The only way this could be done safely is if you are required to establish a TCP connection, and then "upgrade" it to UDP. There are too many pointy sticks that developers could impale themselves on, with the side effect of creating DDoS vectors.

3 comments

Can you do it safely if you're required to make an HTTPS request to the same hostname with some standardized request (a la CORS preflight) and get an answer back saying "Yes, this origin may connect to me on these UDP ports", and then hang onto that permission indefinitely? The nice thing about having a persistent permission instead of an upgrade on each request is that a service worker that's woken up by a push notification or similar can immediately send UDP traffic instead of doing a TCP (+ HTTPS?) handshake.

Since it's restricted by origin (probably using literally the same mechanism CORS uses) and over HTTPS, a malicious actor can't DDoS anyone but themselves.

If you're really worried, maybe extend it to allow the server to limit the duration of the permission and the maximum bandwidth, but I think you don't need that.

EDIT: Oh, oops, binding to the hostname doesn't help because you can just repoint your hostname in DNS at someone else. You'd ideally need to bind it to the IP, in which case you definitely want it to be a time-limited permission. (But I think that attack is also feasible, though a bit harder, with the handshake-before-each-UDP-connection model. Just have the attacker set up a custom DNS server for their domain, which for any hostname sends you a low-TTL response pointing to the attacker's HTTPS server, and then a higher-TTL response to the victim. Each user gets pointed at a random hostname within that domain.)

That model tends to be hell on firewall appliances and NAT/load balancing devices.
I'm not sure I follow - how is this different from, say, a native app (desktop or mobile) that's just using UDP like normal? There's a single preflight request per client device, which can usually be satisfied when you load the website itself.
It's different because a load balancer will send your initial HTTPS request to one application server, but when you're switching protocols (to UDP) you'll then want that traffic directed the same place. Or need some way to share session data across multiple app servers.

You could handle it with some kind of cookie/token that enables the LB to route to the right place, but that opens a whole bunch of other complicated logic too.

Whereas if the UDP application/server were able to handle it independently of HTTP(S), you wouldn't need any of that.

Either I'm not following you or I'm being unclear - it doesn't matter what HTTPS server the load balancer sends it to, all that you need is a reply saying "Yes, in general, sending UDP to my IP on this port is fine with me." You don't need to send it any other application-level data, and frankly the load balancer itself could send that static reply. So you don't care what application server it's sent to.
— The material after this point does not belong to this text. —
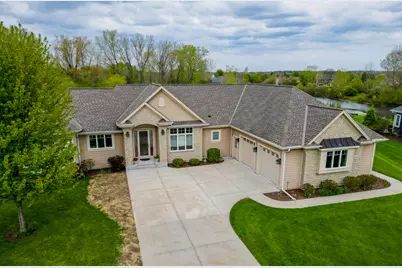 8622 S Avian Way, Franklin, WI 53132 - Photo 2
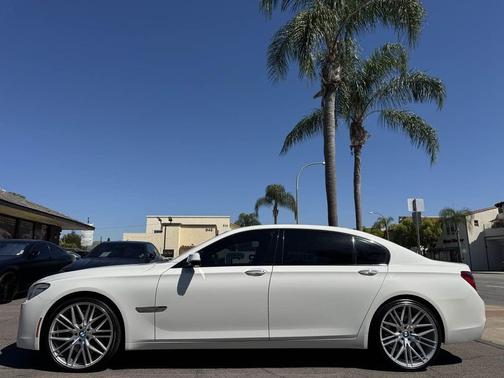 2013 BMW 750 Li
And once you have that permission, you never need to make an HTTPS connection again.

What you do care is that your actual application traffic, such as your login session, and your UDP traffic have some way of being associated with each other, but you have that problem regardless of how the client (whether it's a browser client or a normal desktop/mobile app) gets permission to send UDP.

As an example, the user could visit example.com, load some HTML and JS, send a request to login.example.com, get a session key, send a single HTTPS request to data.example.com exactly once, and then send UDP to data.example.com protected by that session key. You never send HTTPS to data.example.com again; from this point onwards you only send UDP. Coordination between your HTTPS login server and your UDP data server is no different in this model from the native app model.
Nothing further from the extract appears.